Problem> Copy out every line of the data where the word "Workout" is found.

Start of Input data

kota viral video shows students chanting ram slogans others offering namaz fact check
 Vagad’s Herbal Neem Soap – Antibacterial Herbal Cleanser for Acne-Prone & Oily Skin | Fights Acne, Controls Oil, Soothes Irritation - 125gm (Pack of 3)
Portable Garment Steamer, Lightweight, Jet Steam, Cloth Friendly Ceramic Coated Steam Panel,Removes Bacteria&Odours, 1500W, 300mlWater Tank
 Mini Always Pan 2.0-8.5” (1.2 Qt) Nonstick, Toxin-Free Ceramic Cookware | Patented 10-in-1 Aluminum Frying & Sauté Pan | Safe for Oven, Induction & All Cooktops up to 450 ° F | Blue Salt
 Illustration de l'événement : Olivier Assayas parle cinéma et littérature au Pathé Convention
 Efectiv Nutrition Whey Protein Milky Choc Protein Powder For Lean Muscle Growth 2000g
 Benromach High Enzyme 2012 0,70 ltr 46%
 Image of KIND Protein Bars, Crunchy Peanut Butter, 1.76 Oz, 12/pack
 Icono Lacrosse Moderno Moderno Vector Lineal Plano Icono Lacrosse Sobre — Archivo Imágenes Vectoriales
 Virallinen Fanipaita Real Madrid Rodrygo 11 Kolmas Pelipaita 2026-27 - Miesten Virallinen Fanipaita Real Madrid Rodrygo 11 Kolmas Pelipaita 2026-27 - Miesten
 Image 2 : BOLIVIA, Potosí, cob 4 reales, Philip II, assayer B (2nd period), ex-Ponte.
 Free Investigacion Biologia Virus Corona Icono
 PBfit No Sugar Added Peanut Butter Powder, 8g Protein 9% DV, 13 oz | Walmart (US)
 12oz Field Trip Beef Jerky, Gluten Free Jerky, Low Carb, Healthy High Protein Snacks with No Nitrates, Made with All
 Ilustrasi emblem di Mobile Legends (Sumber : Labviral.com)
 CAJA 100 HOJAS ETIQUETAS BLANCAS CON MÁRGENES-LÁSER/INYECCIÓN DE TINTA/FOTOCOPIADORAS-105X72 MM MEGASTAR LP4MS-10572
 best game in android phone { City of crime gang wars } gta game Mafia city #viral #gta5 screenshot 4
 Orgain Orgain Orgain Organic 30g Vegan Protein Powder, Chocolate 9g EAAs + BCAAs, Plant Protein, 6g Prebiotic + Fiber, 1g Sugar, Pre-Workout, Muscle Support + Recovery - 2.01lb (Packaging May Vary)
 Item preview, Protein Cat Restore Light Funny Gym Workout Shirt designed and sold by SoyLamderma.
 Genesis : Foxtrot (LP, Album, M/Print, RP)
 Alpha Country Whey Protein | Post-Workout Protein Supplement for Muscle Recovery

End of Input data

Response>
 Orgain Orgain Orgain Organic 30g Vegan Protein Powder, Chocolate 9g EAAs + BCAAs, Plant Protein, 6g Prebiotic + Fiber, 1g Sugar, Pre-Workout, Muscle Support + Recovery - 2.01lb (Packaging May Vary)
 Item preview, Protein Cat Restore Light Funny Gym Workout Shirt designed and sold by SoyLamderma.
 Alpha Country Whey Protein | Post-Workout Protein Supplement for Muscle Recovery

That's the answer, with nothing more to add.